Tally up the lines in the following entries where the string "para" appears, and answer with the number alone.

<<<<

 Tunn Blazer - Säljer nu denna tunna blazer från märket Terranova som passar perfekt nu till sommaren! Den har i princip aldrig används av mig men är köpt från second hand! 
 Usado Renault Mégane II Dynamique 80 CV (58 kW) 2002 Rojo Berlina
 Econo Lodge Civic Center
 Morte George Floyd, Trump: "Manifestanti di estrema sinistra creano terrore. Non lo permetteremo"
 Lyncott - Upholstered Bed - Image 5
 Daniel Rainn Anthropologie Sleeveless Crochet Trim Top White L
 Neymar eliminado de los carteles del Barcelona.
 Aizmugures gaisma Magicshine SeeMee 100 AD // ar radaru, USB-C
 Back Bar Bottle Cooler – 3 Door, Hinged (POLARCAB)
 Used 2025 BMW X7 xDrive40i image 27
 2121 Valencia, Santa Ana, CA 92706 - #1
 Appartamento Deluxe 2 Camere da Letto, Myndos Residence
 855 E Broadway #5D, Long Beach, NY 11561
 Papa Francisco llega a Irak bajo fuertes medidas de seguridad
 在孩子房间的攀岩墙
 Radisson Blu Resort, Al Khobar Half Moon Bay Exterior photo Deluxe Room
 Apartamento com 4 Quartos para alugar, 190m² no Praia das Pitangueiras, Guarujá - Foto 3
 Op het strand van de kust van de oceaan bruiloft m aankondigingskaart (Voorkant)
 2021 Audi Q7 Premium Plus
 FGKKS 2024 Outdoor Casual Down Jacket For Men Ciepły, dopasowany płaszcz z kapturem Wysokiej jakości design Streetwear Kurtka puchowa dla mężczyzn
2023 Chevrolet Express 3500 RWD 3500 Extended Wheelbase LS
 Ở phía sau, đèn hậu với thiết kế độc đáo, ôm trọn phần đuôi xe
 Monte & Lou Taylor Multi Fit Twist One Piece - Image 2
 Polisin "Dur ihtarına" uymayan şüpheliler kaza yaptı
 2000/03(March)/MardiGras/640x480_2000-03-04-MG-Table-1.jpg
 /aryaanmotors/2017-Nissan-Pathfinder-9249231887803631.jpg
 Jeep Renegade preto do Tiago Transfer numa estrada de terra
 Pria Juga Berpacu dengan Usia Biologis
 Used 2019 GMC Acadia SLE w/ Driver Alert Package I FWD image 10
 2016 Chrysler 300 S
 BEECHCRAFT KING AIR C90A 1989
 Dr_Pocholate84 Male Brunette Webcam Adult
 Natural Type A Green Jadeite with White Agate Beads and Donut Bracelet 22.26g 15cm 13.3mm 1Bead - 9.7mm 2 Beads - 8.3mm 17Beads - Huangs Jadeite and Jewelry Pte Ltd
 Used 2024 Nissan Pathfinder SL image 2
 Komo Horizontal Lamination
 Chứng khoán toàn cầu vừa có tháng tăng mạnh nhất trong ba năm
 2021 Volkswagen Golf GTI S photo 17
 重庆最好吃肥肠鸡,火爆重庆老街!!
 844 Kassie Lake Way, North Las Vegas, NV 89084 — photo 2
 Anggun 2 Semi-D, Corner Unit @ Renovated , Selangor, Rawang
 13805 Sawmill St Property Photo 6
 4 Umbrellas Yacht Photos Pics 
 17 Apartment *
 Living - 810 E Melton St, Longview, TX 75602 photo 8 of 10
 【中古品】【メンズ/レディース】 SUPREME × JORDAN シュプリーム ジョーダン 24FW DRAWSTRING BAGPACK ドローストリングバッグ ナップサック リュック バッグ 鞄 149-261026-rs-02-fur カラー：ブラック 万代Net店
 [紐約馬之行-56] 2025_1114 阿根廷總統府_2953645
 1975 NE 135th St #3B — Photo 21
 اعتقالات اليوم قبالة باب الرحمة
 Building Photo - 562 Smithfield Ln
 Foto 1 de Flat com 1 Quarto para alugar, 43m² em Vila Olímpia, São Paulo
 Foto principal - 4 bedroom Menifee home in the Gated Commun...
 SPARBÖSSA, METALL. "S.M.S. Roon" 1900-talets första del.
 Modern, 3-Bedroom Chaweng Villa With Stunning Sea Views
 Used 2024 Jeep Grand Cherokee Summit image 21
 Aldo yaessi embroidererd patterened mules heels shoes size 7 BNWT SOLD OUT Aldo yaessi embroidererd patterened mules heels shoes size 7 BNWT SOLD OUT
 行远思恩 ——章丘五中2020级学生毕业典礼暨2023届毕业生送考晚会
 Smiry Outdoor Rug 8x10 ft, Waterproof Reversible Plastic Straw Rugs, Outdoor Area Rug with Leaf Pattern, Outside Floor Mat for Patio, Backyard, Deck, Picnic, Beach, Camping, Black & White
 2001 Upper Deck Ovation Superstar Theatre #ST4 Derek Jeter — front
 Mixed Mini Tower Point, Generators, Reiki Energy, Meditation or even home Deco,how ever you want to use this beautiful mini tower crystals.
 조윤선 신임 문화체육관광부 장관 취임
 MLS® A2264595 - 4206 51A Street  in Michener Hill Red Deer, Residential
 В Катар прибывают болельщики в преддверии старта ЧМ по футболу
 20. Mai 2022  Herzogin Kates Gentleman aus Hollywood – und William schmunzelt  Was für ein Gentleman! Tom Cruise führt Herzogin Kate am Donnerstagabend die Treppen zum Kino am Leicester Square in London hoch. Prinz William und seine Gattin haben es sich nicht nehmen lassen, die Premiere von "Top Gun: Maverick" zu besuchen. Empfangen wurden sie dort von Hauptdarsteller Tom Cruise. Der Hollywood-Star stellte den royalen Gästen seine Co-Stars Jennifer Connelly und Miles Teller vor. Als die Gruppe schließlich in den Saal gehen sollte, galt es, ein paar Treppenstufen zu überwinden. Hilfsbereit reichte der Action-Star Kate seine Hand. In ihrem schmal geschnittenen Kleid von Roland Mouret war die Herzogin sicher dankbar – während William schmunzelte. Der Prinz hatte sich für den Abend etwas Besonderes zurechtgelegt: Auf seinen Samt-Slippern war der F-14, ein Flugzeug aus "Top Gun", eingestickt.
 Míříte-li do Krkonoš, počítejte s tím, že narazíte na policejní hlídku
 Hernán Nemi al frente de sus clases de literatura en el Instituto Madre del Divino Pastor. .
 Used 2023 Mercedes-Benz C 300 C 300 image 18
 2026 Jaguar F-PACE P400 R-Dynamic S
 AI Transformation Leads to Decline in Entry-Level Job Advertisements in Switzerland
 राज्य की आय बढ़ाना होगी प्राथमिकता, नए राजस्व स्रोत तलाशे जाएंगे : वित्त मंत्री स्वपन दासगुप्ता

>>>>

# [Task result]
2